In ruling against a change of venue, Cahill said the law requires trials to be held in the county where the alleged crime occurred unless specific conditions arise. Each defense attorney asked that the trial be moved, proposing Clay, Dakota and Stearns counties as possible venues, among others.
They argued that media coverage of Floyd's May 25 killing tainted the local jury pool and that Hennepin County is unsafe after protesters allegedly assaulted a lawyer and defendant following a September hearing, and after a protester was allegedly found with a gun and knives in the Hennepin County courthouse following an October hearing. Cahill wrote that smaller courthouses would not improve safety, and that "no corner of the state of Minnesota has been shielded" from coverage of Floyd's death.
He described the ruling as "preliminary" and subject to change pending public opinion surveys being conducted by defense attorneys and pending the results of questionnaires that will be administered to potential jurors in Hennepin County.
Cahill said that while most protesters have been peaceful, defense attorneys' safety concerns were credible and that he had received "many" voice mails, notes and letters from the public "demanding that the Court decide the case in a certain way, most often against the Defendants."
"Most of these communications have been respectful, but more than one message has been hostile and threatening," he wrote.
Cahill also reversed a previous decision banning County Attorney Mike Freeman and three of his attorneys from working on the case. He vacated the ban, allowing them to participate in the prosecution but not as advocates at trial or signees on motions.
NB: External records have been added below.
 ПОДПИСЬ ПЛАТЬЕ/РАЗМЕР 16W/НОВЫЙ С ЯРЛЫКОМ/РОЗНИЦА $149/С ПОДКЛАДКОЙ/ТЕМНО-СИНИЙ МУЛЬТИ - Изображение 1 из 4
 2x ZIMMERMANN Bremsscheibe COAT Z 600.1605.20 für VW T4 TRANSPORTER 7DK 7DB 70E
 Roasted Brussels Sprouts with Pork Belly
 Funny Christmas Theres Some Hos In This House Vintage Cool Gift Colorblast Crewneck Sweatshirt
Ellison, who is leading the prosecution with assistance from Freeman's office, issued a statement describing Cahill's rulings as "measured and thoughtful."
"I'm satisfied by the court's decisions today," Ellison said. "The murder of George Floyd occurred in Minneapolis, and it is right that the defendants should be tried in Minneapolis. It is also true that they acted in concert with each other and the evidence against them is similar, so it is right to try them in one trial."
Chauvin is charged with second-degree murder and manslaughter. Kueng, Lane and Thao are charged with aiding and abetting. All four are free on bond.
Staff writer Rochelle Olson contributed to this report.